Nürnberg (epd). Mit eindringlichen Aufrufen zum Frieden und zum Kampf gegen die Klimakrise hat der 38. Deutsche Evangelische Kirchentag in Nürnberg begonnen. Bei der Eröffnung am Mittwochabend stellte sich Bundespräsident Frank-Walter Steinmeier mit deutlichen Worten hinter die Unterstützung der Ukraine mit Waffen. Der bayerische Landesbischof Heinrich Bedford-Strohm warnte im Freiluft-Gottesdienst: „Mit der ökologischen Umorientierung von Wirtschaft und Gesellschaft geht es viel zu langsam. Das Klima droht zu kippen.“

Steinmeier sagte zum russischen Angriffskrieg in der Ukraine: „Auch ich hätte mir nicht vorstellen können, dass ich einmal sagen würde: Neben all den anderen Anstrengungen, es ist auch Zeit für Waffen.“ Die Bilder und Nachrichten aus der Ukraine seien unerträglich. „Aber wir dürfen nicht so tun, als gäbe es einfache Lösungen“, sagte der Bundespräsident. „Wenn Russland seine Soldaten zurückzieht, dann ist der Krieg zu Ende. Wenn die Ukraine ihre Verteidigung einstellt, dann ist das das Ende der Ukraine“, fügte er unter dem Applaus der 20.000 Besucher der Eröffnungsfeier auf dem Nürnberger Hauptmarkt hinzu.

De Maizière ruft zur Zuversicht auf

Bedford-Strohm sagte, vom Nürnberger Kirchentag mit der biblischen Losung „Jetzt ist die Zeit“ solle eine klare Botschaft ausgehen: „Ja, wir wollen unser Leben neu ausrichten.“ Das Glück der Menschen dürfe nicht mehr am Wachstum des materiellen Wohlstands festgemacht werden, forderte er in seiner Predigt. Alle Menschen weltweit, auch die Schwächsten, sollten in Würde leben.

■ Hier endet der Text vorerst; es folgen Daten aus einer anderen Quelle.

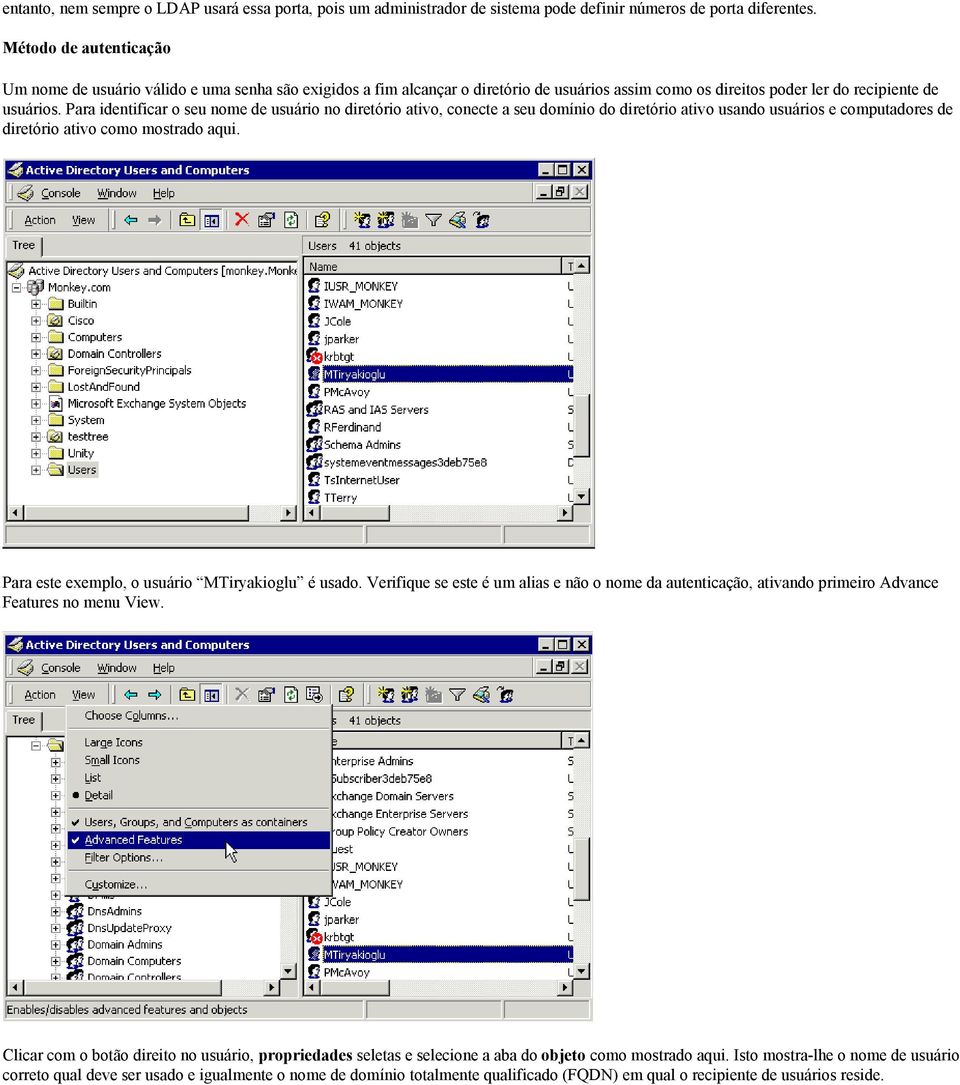 Para identificar o seu nome de usuário no diretório ativo, conecte a seu domínio do diretório ativo usando usuários e computadores de diretório ativo como mostrado aqui.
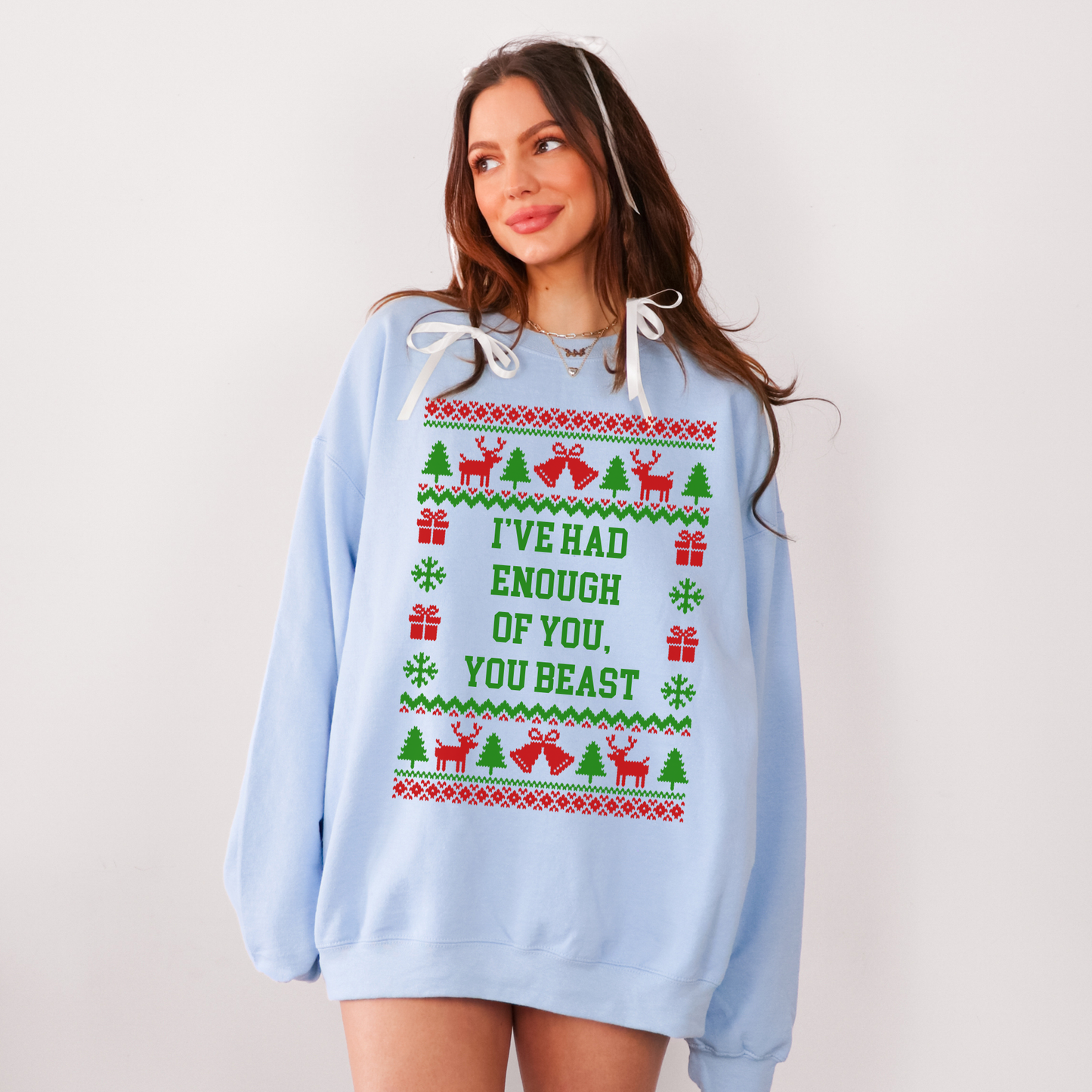 I've Had Enough of You, You Beast Ugly Christmas Sweater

Erstmals nach vier Jahren treffen sich Zehntausende Christen wieder bei einem evangelischen Kirchentag. Bis Sonntag wollen sie bei Gottesdiensten, Konzerten und anderen kulturellen Veranstaltungen ihren Glauben feiern und bei Podiumsdiskussionen aktuelle Themen besprechen. Bundespräsident Steinmeier hält am Donnerstag eine Bibelarbeit, weitere prominenten Gäste aus der Bundespolitik sind Bundeskanzler Olaf Scholz (SPD), Wirtschaftsminister Robert Habeck (Grüne), Außenministerin Annalena Baerbock (Grüne) und CDU-Chef Friedrich Merz.

Kirchentagspräsident Thomas de Maizière rief angesichts der Krisen in der Welt bei der Eröffnung des Christentreffens zur Zuversicht auf. Vom Bejammern werde nichts besser. „Wir wissen um die Nöte, aber wir geben uns damit nicht zufrieden“, sagte der ehemalige Bundesminister: „Wir vertrauen auf Gott und die Welt.“ Auf das Vertrauen und das Tun aller komme es an.

„Kirche lebt und hat auch Zukunft“

Der bayerische Ministerpräsident Markus Söder (CSU) lobte vor Beginn des traditionellen „Abends der Begegnung“, zu dem zehntausende Menschen bei frühsommerlichem Wetter in die Nürnberger Innenstadt gekommen waren, das gesellschaftliche Engagement der Kirchen und ihrer Mitglieder. „Kirche ist da, Kirche lebt, und Kirche hat auch Zukunft“, sagte der evangelische Christ Söder.

Der Nürnberger Oberbürgermeister Marcus König (CSU) hieß die Gäste in seiner Stadt willkommen. „Lassen Sie uns alle gemeinsam dem Glauben ein Stück weit wieder Glanz verleihen“, sagte der Katholik.

Auf dem Programm des Kirchentags stehen mehr als 2.000 Veranstaltungen. Bis Dienstagabend wurden nach Angaben der Veranstalter 60.000 Tickets verkauft. Ob die zunächst erwartete Teilnehmerzahl von 100.000 erreicht wird, sei schwer abzuschätzen, hieß es. Der Kirchentag 2019 in Dortmund zählte rund 120.000 Teilnehmende. 2021 fand ein Ökumenischer Kirchentag in Frankfurt am Main wegen der Corona-Krise weitgehend digital statt.